Fullness cues are equally important. A satisfied baby will release the breast or bottle on their own, turn their head away, or visibly relax their body and open their fists. If your baby shows these signs partway through a bottle, it’s fine to stop. Pushing a baby to finish a set amount can override their natural appetite regulation, and the American Academy of Pediatrics notes that ignoring hunger and fullness cues is associated with overfeeding.
Night Feedings at 3 Months
Most 3-month-olds still wake to eat once or twice during the night. Many can manage one longer stretch of 4 to 5 hours without feeding, but a full 10- to 12-hour stretch without eating is uncommon at this age. If your baby sleeps a longer block and then wakes to feed, that’s a normal pattern, not a problem to fix. Babies who are breastfed tend to wake more frequently overnight than those on formula, which is expected given how quickly breast milk is digested.
The total number of feedings in 24 hours matters more than how they’re distributed between day and night.

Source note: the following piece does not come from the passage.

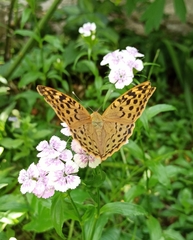 Argynnis pandora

Some babies front-load their calories during the day and sleep longer stretches. Others eat steadily around the clock. Both patterns are fine as long as your baby is gaining weight and producing enough wet diapers.

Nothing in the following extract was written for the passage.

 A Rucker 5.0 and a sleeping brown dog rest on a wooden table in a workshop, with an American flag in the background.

How to Know Your Baby Is Getting Enough
Counting feedings gives you a rough guide, but the real proof is in your baby’s output and growth. By 3 months, you should see at least 6 wet diapers a day. Bowel movements are more variable at this age. Some babies go several times a day, while others (especially breastfed babies after the first six weeks) may go once every few days, and both are normal.

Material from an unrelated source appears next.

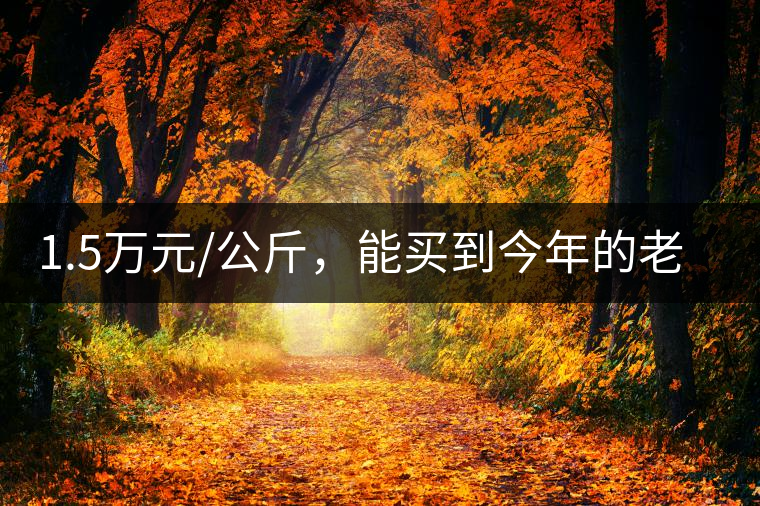 1.5萬元/公斤，能買到今年的老班章古樹茶嗎?1.5萬元/公斤，能買到今年的老班章古樹茶嗎？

Weight gain is the most reliable indicator. In the early months, babies typically gain about 1 ounce per day, or roughly 5 to 7 ounces per week. Your pediatrician tracks this on a growth chart at each visit. Consistent growth along your baby’s own curve, not someone else’s, is what matters. A baby in the 25th percentile who stays there is thriving just as much as one in the 75th.
Signs that your baby may not be getting enough include fewer than 6 wet diapers in a day, dark-colored urine, persistent fussiness even after feeding, and weight gain that has stalled or dropped off their growth curve.
Growth Spurts Change the Pattern
Around 3 months, many babies hit a growth spurt that temporarily throws feeding patterns out the window. Your baby may suddenly want to eat every hour or two for a day or more, seem unsatisfied after a normal feeding, or act fussier than usual. This is normal and temporary, typically lasting 2 to 3 days.
For breastfeeding parents, the increased demand actually serves a purpose: more frequent nursing signals your body to produce more milk. Supplementing with formula during a growth spurt isn’t necessary unless there’s a medical reason. For formula-fed babies, you can offer an extra ounce per bottle or add an additional feeding during these periods, then let things settle back to the usual routine.
What Your Baby Doesn’t Need Yet
At 3 months, breast milk or formula provides everything your baby needs nutritionally. The AAP recommends exclusive breastfeeding for about 6 months and advises against introducing solid foods before 4 months. Starting solids too early is linked to increased weight gain in infancy and early childhood. Water, juice, and cereal in bottles are also unnecessary and can interfere with your baby’s milk intake.
If you’re formula feeding and your baby consistently takes 32 ounces or more per day, they’re getting enough vitamin D from the formula itself. Breastfed babies typically need a vitamin D supplement since breast milk alone doesn’t provide enough.